What I've done was to answer the four noble truths-what is my suffering (then I list from there). What is the cause of my suffering (my interpretation of it). Then whatever sutta you read rather than ask if it's true or not see if it addresses the sufferings you listed. Also, see if you can find the hatred, delusion, or greed. Use The Sutta as a backbone to solve such sufferings. He also said, as I wrote down, "just as the great ocean slants and doesn't drop abruptly so to gain final knowledge and training is a gradual process" (AN 8.19).

You'll only know if you apply it. Also, things such as rebirth may throw one off like me when those teachings aren't familiar. I'd say with anything keep an open mind. Rebirth is literal, I believe. However, I think a lot of cosmology such as talks with demons etc are metaphorical. Don't let it trip you up though.

Add... Dhammatalks, SuttaCentral, and Accesstoinsight have different numberings for the same suttas. So, you can cross reference.

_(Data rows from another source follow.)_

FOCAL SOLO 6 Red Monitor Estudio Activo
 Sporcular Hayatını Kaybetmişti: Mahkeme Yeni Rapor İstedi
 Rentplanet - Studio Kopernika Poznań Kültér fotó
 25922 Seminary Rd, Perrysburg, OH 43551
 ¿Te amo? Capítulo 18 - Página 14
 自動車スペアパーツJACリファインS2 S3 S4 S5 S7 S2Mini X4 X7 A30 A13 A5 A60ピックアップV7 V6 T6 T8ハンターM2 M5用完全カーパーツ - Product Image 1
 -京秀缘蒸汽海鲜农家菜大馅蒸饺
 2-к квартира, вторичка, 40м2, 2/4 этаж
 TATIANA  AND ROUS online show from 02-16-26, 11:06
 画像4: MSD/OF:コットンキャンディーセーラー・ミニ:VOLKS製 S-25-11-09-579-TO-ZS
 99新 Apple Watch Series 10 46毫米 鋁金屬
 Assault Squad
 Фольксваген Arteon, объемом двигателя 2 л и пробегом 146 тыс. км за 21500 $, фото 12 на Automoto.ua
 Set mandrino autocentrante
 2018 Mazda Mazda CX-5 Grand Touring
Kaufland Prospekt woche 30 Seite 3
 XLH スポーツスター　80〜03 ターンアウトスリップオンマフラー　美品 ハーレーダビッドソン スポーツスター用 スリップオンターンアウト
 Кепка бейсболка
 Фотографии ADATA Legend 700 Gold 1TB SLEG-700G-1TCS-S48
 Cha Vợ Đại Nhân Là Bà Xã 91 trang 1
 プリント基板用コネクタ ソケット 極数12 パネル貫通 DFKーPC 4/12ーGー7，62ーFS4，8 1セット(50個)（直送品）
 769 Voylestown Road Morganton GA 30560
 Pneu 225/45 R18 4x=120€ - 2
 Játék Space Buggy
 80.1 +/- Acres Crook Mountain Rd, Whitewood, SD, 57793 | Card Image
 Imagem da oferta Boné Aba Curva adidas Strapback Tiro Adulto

Just came across this from Ajahn Jayasāro. Not sure that it adds anything new to what's already been written, but I like how he puts things:

Many of the Buddha's teaching can be put to the test of experience quite easily. It goes not take long to determine for ourselves whether keeping the five precepts does, in fact, increase the level of safety and trust in our family and community, and whether it fosters self-respect and freedom from guilt and remorse. We can observe without difficulty all the various ways that giving without desire for reward brings joy into our lives. We can see clearly how mindfulness practice enhances the quality of our mind and relationships.

But there are many teachings that we are, as yet, unable to prove or disprove. Teachings about rebirth and other realms of existence are obvious examples. In such cases, how should we hold the teachings ? I would suggest that we do so with a deep trust in the great wisdom of the Buddha. The more we observe how his teachings that we are able to test for ourselves are always, without exception, correct, the more confidence we can place in the teachings that we cannot, as yet, verify.

We certainly do not claim something must be true simply because our teacher says it to be so. We do, however, assert confidence in his words based upon all our experience thus far of taking him as our refuge and guide on life's bumpy road.